Given the influential status of the French classic culinary reference book, it is perhaps not surprising that this version of the story has been oft repeated, not least in James Trager’s Food Chronology (1995:141). However, Trager also offers an alternative, the provenance of which is unclear. For the location, we return to Vienna, but the year is 1683 rather than the 13th century. Many of the other details Trager offers bear distinct similarities with the Budapest version: Vienna was under siege by the Turks; Viennese bakeries were located in cellars; bakers who were working through the night “heard digging and hammering sounds, realized that the Turks were trying to tunnel beneath the city’s walls, and (. . .) sounded the alarm”; the Turks were driven back and when the siege finally ended, the heroic bakers created a celebratory crescent-shaped pastry called a Kipfel to mark the occasion (1995:139-40).6
As a folklorist, I am of course as interested in oral sources as textual ones. Whilst working on this paper I chanced to meet a Ph.D. student by the name of Trisha Myers whose research is focused on the Ottoman Empire. I immediately asked her what she knew of the origins of the croissant. Her response, which she later confirmed in an email dated April 3, 2015, was as follows:
In the context of the new Franco-Ottoman alliance [which had taken place in 1536] François I ordered the creation of a pastry/food in the shape of a croissant to celebrate the friendship between the Ottomans and the French to be consumed at some kind of celebration upon the arrival of an Ottoman delegation.
This version was new to me and I did some research to see if I could find it repeated elsewhere.
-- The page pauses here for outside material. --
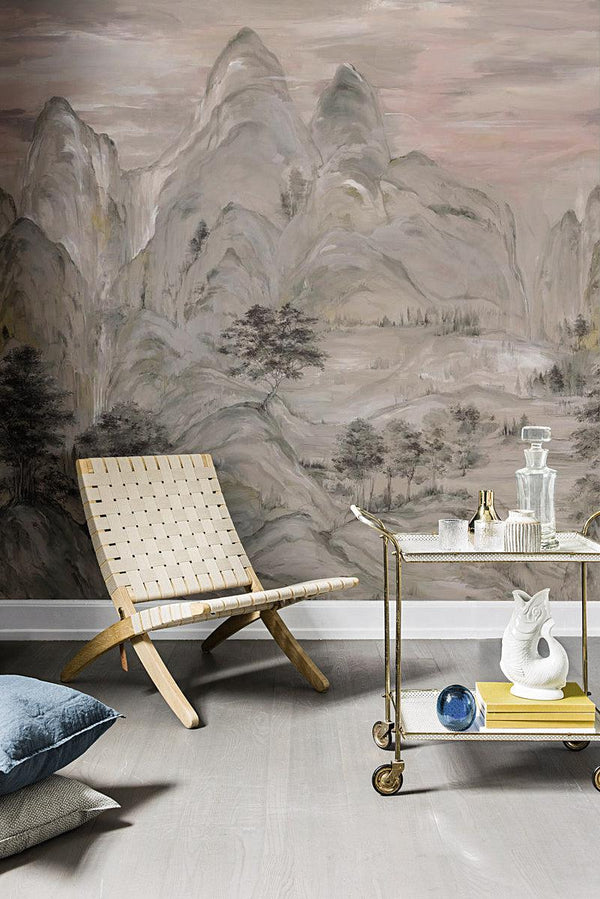 Wallpaper Misty Mountain Wall Mural // Taupe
I was led to a recipe book by baking and pastry chef Michel Suas, the founder of the San Francisco Baking Institute. Suas mentions the 1683 Vienna origin story—though refers to the resulting pastry item as a Hörnchen rather than a Kipfel—but also states that, “in the culinary inventory of Patrimoine Français, mention is made of a cake in the shape of a croissant served during a banquet given in Paris by the Queen of France in 1549 to commemorate the alliance of François Ier with le Grand Turc” (2009:330). No citation details are given for this Patrimoine Français and as yet I have been unable to find out anything else about it.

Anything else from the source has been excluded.